Incompatible changes in ArangoDB 3.11
Check the following list of potential breaking changes before upgrading to this ArangoDB version and adjust any client applications if necessary
Incompatibilities due to switch to glibc
From version 3.11.10 onward, ArangoDB uses the glibc C standard library implementation instead of libmusl. Even though glibc is statically linked into the ArangoDB server and client tool executables, it may load additional modules at runtime that are installed on your system. Under rare circumstances, it is possible that ArangoDB crashes when performing host name or address lookups. This is only the case if all of the following conditions are true:
- You either use ArangoDB version 3.11.10 (non-hotfix), or you use a 3.11 version
from 3.11.10-1 onward with the
--honor-nsswitch
startup option enabled. - You use an ArangoDB package on bare metal (not a Docker container)
- Your operating system uses glibc (like Ubuntu, Debian, RedHat, Centos, or most other Linux distributions, but not Alpine for instance)
- The glibc version of your system is different than the one used by ArangoDB, in particular if the system glibc is older than version 2.35
- The
libnss-*
dynamic libraries are installed - The
/etc/nsswitch.conf
configuration file contains settings other than forfiles
anddns
in thehosts:
line, or thepasswd:
andgroup:
lines contain something other thanfiles
If you are affected, consider using Docker containers, chroot
, or change
nsswitch.conf
.
VelocyStream protocol deprecation
ArangoDB’s own bi-directional asynchronous binary protocol VelocyStream (VST) is deprecated in v3.11 and removed in v3.12.0.
While VelocyStream support is still available in v3.11, it is highly recommended to already switch to the HTTP(S) protocol because of better performance and reliability. ArangoDB supports both VelocyPack and JSON over HTTP(S).
Active Failover deployment mode deprecation
Running a single server with asynchronous replication to one or more passive single servers for automatic failover is deprecated and will no longer be supported in the next minor version of ArangoDB, from v3.12 onward.
Extended naming constraints for collections, Views, and indexes
In ArangoDB 3.9, the --database.extended-names-databases
startup option was
added to optionally allow database names to contain most UTF-8 characters.
The startup option has been renamed to --database.extended-names
in 3.11 and
now controls whether you want to use the extended naming constraints for
database, collection, View, and index names.
The old --database.extended-names-databases
startup option should no longer
be used, but if you do, it behaves the same as the new
--database.extended-names
option.
The feature is disabled by default to ensure compatibility with existing client drivers and applications that only support ASCII names according to the traditional naming constraints used in previous ArangoDB versions.

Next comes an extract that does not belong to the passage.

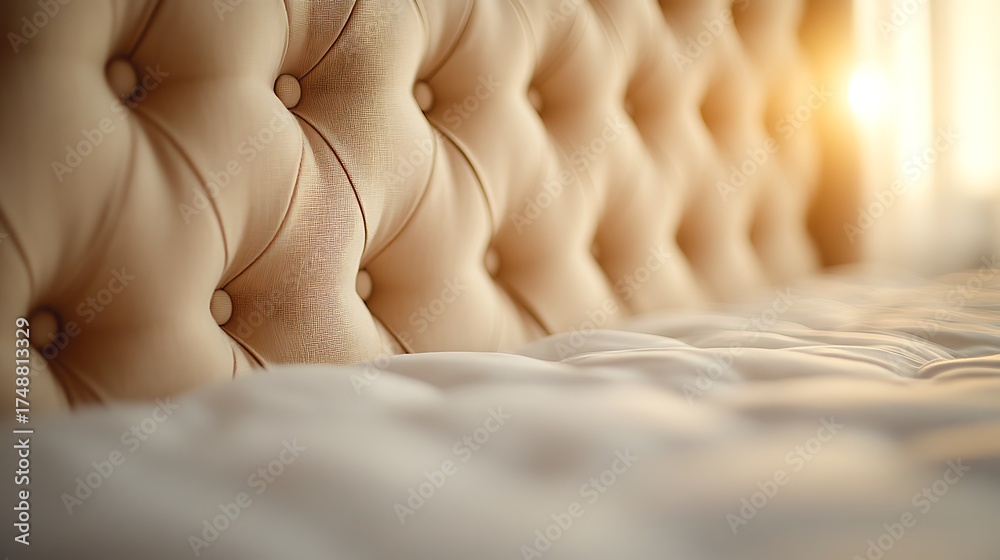 Obraz premium Cream Upholstery Detail.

If the feature is enabled, then any endpoints that contain database, collection, View, or index names in the URL may contain special characters that were previously not allowed (percent-encoded). They are also to be expected in payloads that contain database, collection, View, or index names, as well as document identifiers (because they are comprised of the collection name and the document key). If client applications assemble URLs with extended names programmatically, they need to ensure that extended names are properly URL-encoded.

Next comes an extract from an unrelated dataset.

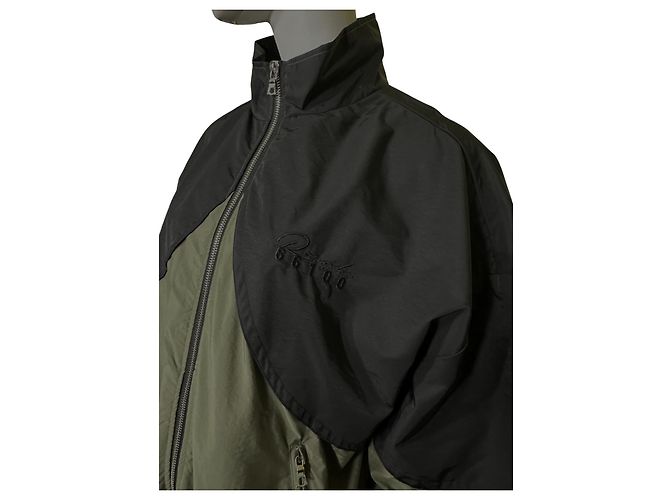 Autre Marque Grüne schwarze Jacke aus Polyester - Ansicht 2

When using extended names, any Unicode characters in names need to be NFC-normalized . If you try to create a database, collection, View, or index with a non-NFC-normalized name, the server rejects it.

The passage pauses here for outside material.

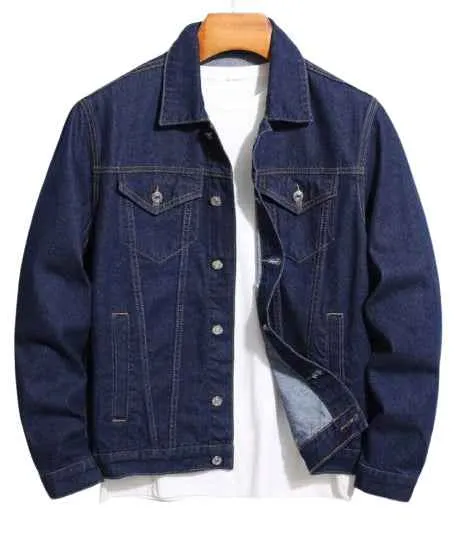 Navy Blue Denim Jacket -Unisex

The ArangoDB web interface as well as the arangobench, arangodump, arangoexport, arangoimport, arangorestore, and arangosh client tools ship with support for the extended naming constraints, but they require you to provide NFC-normalized names.
Please be aware that dumps containing extended names cannot be restored into older versions that only support the traditional naming constraints. In a cluster setup, it is required to use the same naming constraints for all Coordinators and DB-Servers of the cluster. Otherwise, the startup is refused. In DC2DC setups, it is also required to use the same naming constraints for both datacenters to avoid incompatibilities.
Also see:
- Collection names
- View names
- Index names have the same character restrictions as collection names
No AQL user-defined functions (UDF) in PRUNE
AQL user-defined functions (UDFs) cannot be used inside traversal PRUNE conditions nor inside FILTER conditions that can be moved into the traversal execution on DB-Servers. This limitation also applies to single servers to keep the differences to cluster deployments minimal.
Stricter validation of Unicode surrogate values in JSON data
ArangoDB 3.11 employs a stricter validation of Unicode surrogate pairs in incoming JSON data, for all REST APIs.
In previous versions, the following loopholes existed when validating UTF-8 surrogate pairs in incoming JSON data:
- a high surrogate, followed by something other than a low surrogate (or the end of the string)
- a low surrogate, not preceded by a high surrogate
These validation loopholes have been closed in 3.11, which means that any JSON inputs containing such invalid surrogate pair data are rejected by the server.
This is normally the desired behavior, as it helps invalid data from entering
the database. However, in situations when a database is known to contain invalid
data and must continue supporting it (at least temporarily), the extended
validation can be disabled by setting the server startup option
--server.validate-utf8-strings
to false
. This is not recommended long-term,
but only during upgrading or data cleanup.
Restriction of indexable fields
It is now forbidden to create indexes that cover fields whose attribute names
start or end with :
, for example, fields: ["value:"]
. This notation is
reserved for internal use.
Existing indexes are not affected but you cannot create new indexes with a preceding or trailing colon.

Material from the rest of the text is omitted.